Friday, October 20, 2006

Escape Velocity

I want to overcome this sanity that has gripped me since birth. This mind cocooned within bone knows everything as it is. It can create structure of incongruent information elements, like a web or a series of cubes stacked into place, leading to jumps in deduction, sometimes staggering. All of it filled with enough truth and logic, one can accurately realise the world should one fully ingest all of its information.
And I hate it.
It is not enough for a door to be just shut, ajar or fully open. Or even in the act of opening or closing. It should be the possibility of greatness if one is brave enough to cross the threshold. Or the barrier between life and excruciating death. Or perhaps it could mask a secret, a peeping tom gracing its shadow or a witness to a nefarious crime. With enough insanity, the door could have teeth that chomp or one eye that sees more than two. With adequate madness, the door could be a trap on a stage or a skylight to the stars. With sufficient crazy, the door should open and enter through you. But a door most certainly should never be a door.
I see one.
And it is a white rectangle through an infinite amount of black. Then the door is black and the unlimited white. The rectangle becomes a triangle and then the hole becomes solid and the boundless empty. My door waves then like a flag saluting seamlessly into a rip in the infinite. And forever it changes, alternating through unbounded combinations, and I wait. Through it I see my kitchen and my living room. I see the surface of Mars and the promise of a better tomorrow. I see my own birth and death collide. I see laughter and sorrow. I see the lips of absolute nothing whistle original compositions.
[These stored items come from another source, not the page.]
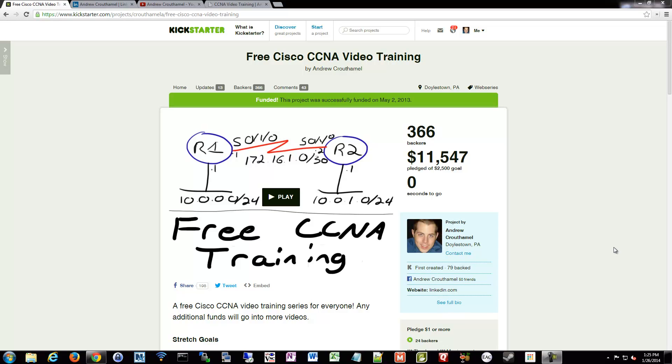Welcome to the ShrikeCast. My name is Andrew Krauthemel and this is the CCNA training series.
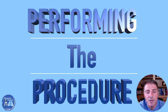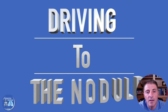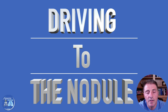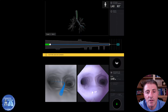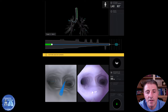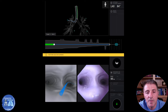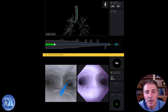When we perform the procedure, we combine both the information created with the virtual model, as you saw, with the real-time airway of the patient. So while we are performing, we can see on the left the virtual map and on the right the real airway. In this example, a silicone model pathway is used to drive through to get to the target.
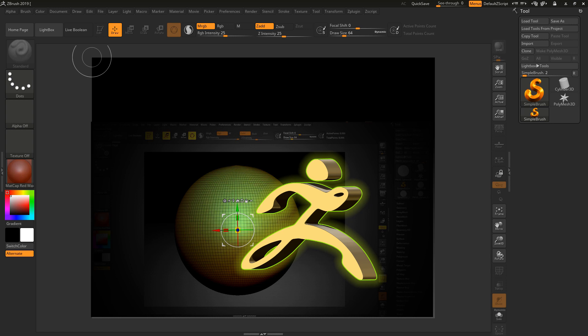We're then going to look at the main moving, scale, and rotations using the Gizmo as well as the Transpose tool inside of ZBrush. We're going to then look at brush basics and we're also going to look at using subdivisions and DynaMesh inside of ZBrush.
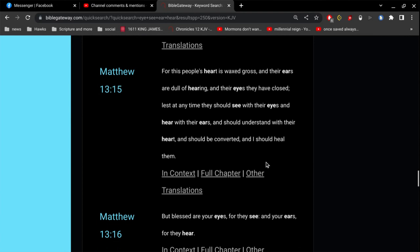And here in Matthew 13, for this people's heart is waxed gross, and their ears are dull of hearing, and their eyes they have closed, lest at any time they should see with their eyes, and hear with their ears, and should understand with their heart, and should be converted, and I should heal them.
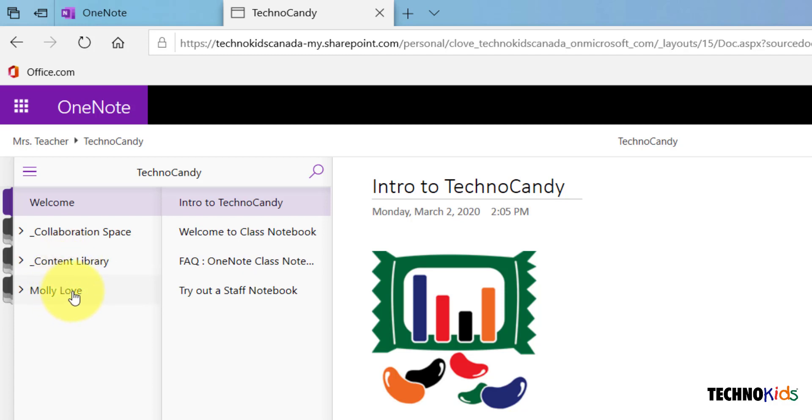And then lastly, you have your own private workspace. If you click on your name, you'll see the sections that your teacher has created for you.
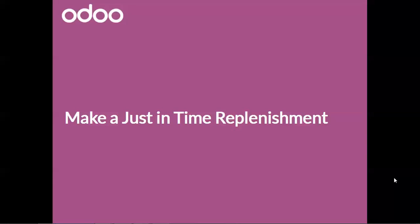If you want to avoid wasting time in the replenishment process, the just-in-time management feature will suit you by automating the scheduler.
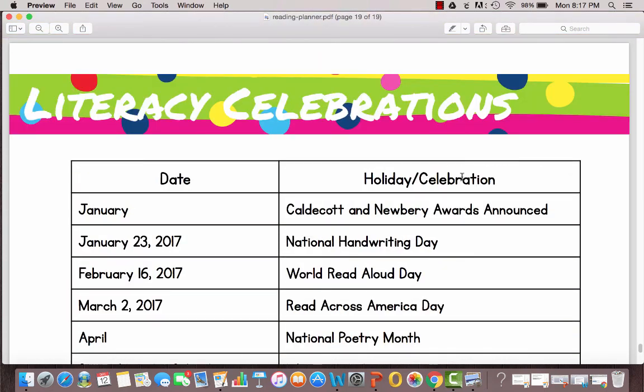So that's just a look at the reading planner. You can download it for free, copy it as you need it, put it in a binder however you want to use it. It's for you to make your reading life easier and to read and enjoy more books in 2017. Thanks so much.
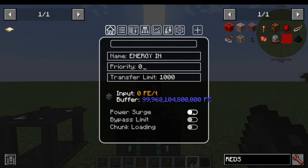We then have Power Surge, which will basically bypass the priority. Bypass Limit will bypass the Transfer Limit. So it may be a point where you think, 'this machine needs loads of energy but it's a lower priority — I'm just going to Power Surge it and bypass the priority limit for now.' Or maybe you're saying, 'this one needs more than the normal limit right now, I'm just going to bypass that limit quickly' — or maybe forever, and it'll just do unlimited.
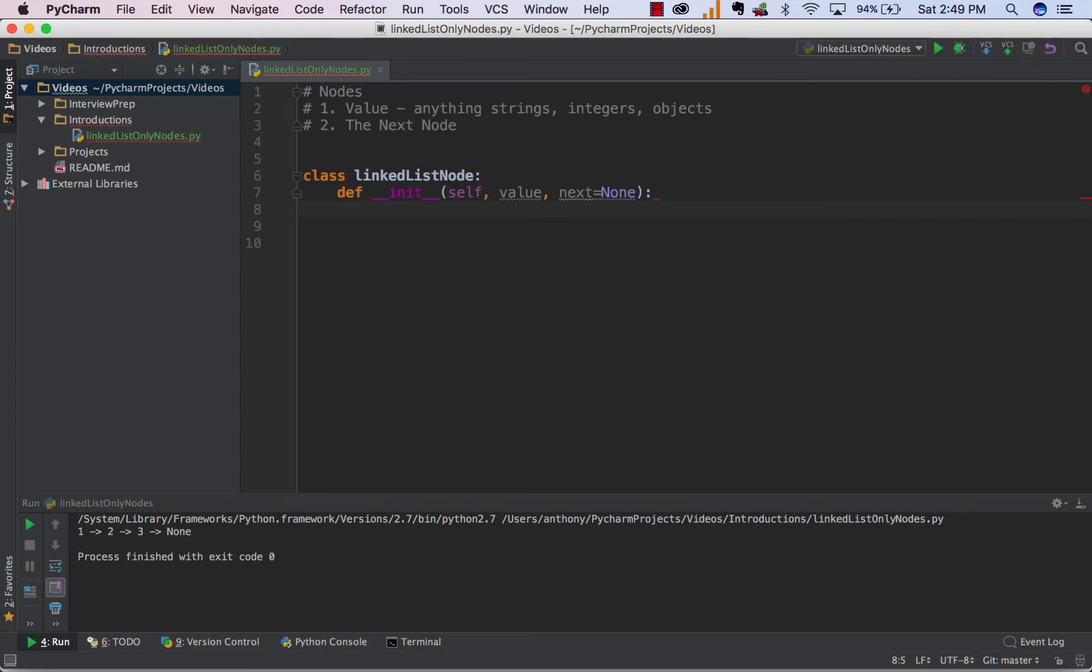Hey guys, so today I'm going to show you how to make a linked list two separate ways using Python and object-oriented programming. If you don't know too much about object-oriented programming, no worries. We won't go too in-depth about it, just enough so we can get the point across and actually understand what we're trying to do.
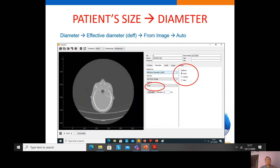The software also provides an automatic technique to measure the effective diameter from the image. Choosing auto gives three options for automatic calculation of effective diameter: based on the area of the patient image, from the center of the patient position, and from the maximum AP and lateral diameter. If we choose center, the software detects the center of the patient image and calculates the diameter in the AP and lateral directions, then automatically calculates the effective diameter.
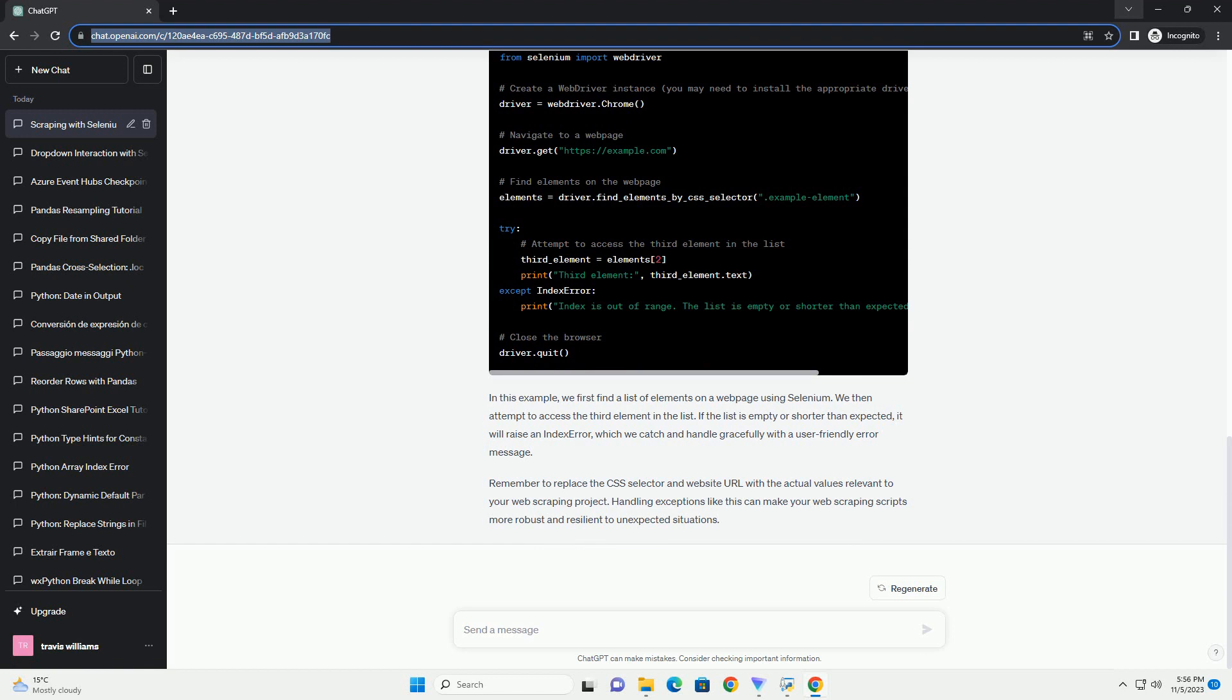The IndexError list index out of range error is a Python exception that occurs when you try to access an element of a list using an index that is not within the valid range of indices for that list. Lists in Python are zero-indexed, which means the first element has an index of zero, the second element has an index of one, and so on. If you try to access an index that is greater than or equal to the length of the list, you will encounter this error.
I see myself staring at myself staring at myself staring at myself staring at myself staring at myself staring at myself staring at myself staring at myself staring at myself staring at myself staring at myself staring at myself staring at myself staring at myself staring at myself staring at myself staring at myself staring at myself staring at myself staring at myself staring at myself staring at myself staring at myself staring at myself staring at myself staring at myself staring at myself staring at myself staring at myself staring at myself tripping on an undone lace.
And I see you reading this.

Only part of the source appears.